This article was originally published on Carbon Brief.


“The top metre of the world’s soils contains three times as much carbon as the entire atmosphere, making it a major carbon sink alongside forests and oceans.

…But human activity, in particular agriculture, can cause carbon to be released from the soil at a faster rate than it is replaced.

…The new analysis, published in Nature Sustainability, takes a look at how protecting and replenishing soils – both in agricultural and natural landscapes – could instead help to combat warming.

If finds that, if techniques to improve soil carbon were rolled out at the maximum assumed level worldwide, they could remove up to 5.5bn tonnes of CO2e a year.

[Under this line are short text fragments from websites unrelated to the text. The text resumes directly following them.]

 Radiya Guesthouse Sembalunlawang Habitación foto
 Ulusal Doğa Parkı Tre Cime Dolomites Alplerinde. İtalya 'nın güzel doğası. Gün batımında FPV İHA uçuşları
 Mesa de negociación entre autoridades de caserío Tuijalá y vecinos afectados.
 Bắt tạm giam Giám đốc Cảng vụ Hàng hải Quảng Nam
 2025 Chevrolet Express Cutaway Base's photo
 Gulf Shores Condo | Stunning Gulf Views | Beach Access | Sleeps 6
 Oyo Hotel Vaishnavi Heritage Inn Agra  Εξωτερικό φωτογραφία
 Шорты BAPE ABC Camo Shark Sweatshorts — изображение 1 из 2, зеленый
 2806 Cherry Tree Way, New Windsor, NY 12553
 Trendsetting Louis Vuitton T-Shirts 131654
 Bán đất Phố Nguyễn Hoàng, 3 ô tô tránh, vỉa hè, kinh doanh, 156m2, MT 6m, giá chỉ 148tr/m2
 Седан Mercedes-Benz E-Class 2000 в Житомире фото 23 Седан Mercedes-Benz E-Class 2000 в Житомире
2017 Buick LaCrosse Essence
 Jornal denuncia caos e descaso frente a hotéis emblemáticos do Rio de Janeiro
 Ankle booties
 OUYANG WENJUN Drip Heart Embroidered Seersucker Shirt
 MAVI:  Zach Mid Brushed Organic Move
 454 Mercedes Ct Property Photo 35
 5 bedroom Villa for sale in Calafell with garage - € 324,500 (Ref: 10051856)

…For the analysis, the authors built on an earlier study which looked at the global greenhouse gas removal potential of all “natural climate solutions”. The term is used to describe a range of negative emissions techniques that aim to enhance the ability of natural ecosystems to remove CO2 from the atmosphere.

…The research finds that a quarter of all the greenhouse gas removal ability of natural climate solutions comes from soil-based techniques, such as protecting and restoring forest soils, peatlands and wetlands.

…The research shows that the largest greenhouse gas removal potential comes from protecting existing forests and reforestation. This technique could offset 1.2bn tonnes of CO2e a year, when only forest soil carbon is considered.”